While the first season focused significant time on world building, Season 2 fleshes out the characters further and builds on the already strong foundations of the story, exploring memory and perception as underlying themes for the season. The third and fourth episodes, written respectively by Bryan Cogman and Vanessa Taylor, display this with heartbreaking clarity, depicting the beauty of the landscape at odds with its harshness. The civilization that is encountered here is a far crueler and darker place than one might have imagined: morality is a mercurial concept here and honor makes a poor shield.
Season 2 is a return to a world of dragons and of bones that many of us have missed terribly.
In Alan Taylor, the show has found a director who understands scale, delivering powerful sequences that ricochet between the epic and the intimate, and who is exceptionally fluent in the visual language of the show. There’s a sense of grandeur to the exterior shots and a sense of earthiness and caked-on dirt to the interiors; snow and mud are as lovingly shot as a glittering ruby at the throat of a fiery woman. Likewise, David Petrarca—who directs the breathless fourth episode (“A Garden of Bones”)—deserves recognition as well, bringing to life several unforgettable sequences with a raw power and haunting savagery that would make Martin proud.

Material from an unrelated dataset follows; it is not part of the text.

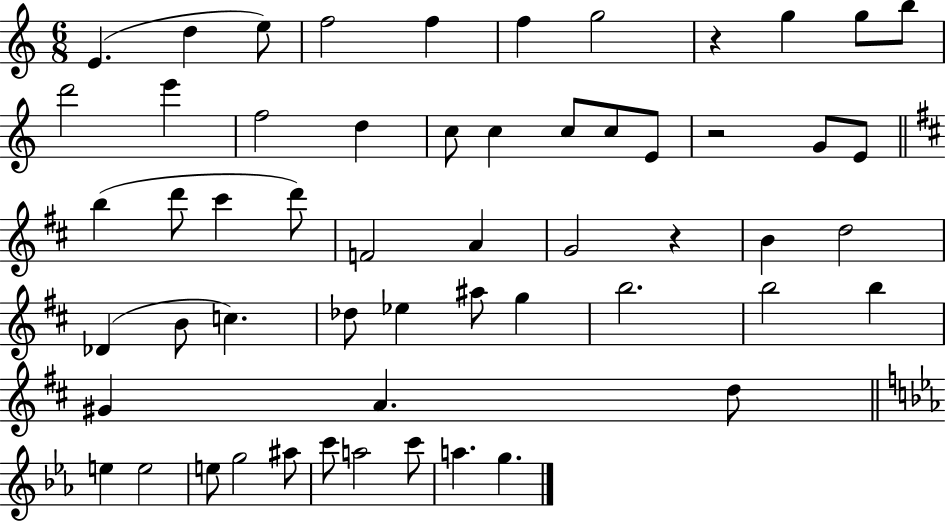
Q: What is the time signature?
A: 6/8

Ultimately, Season 2 is a return to a world of dragons and of bones that many of us have missed terribly. With war approaching on multiple fronts, treacherous double-crosses now de rigueur, and the possible return of long-dead magic to the land, Season 2 of Game of Thrones is fantastic, overflowing with majesty and mystery. The night, we’re told, is dark and full of terror, and so is this provocative and enthralling show. Miss an episode—or even a minute—at your own peril.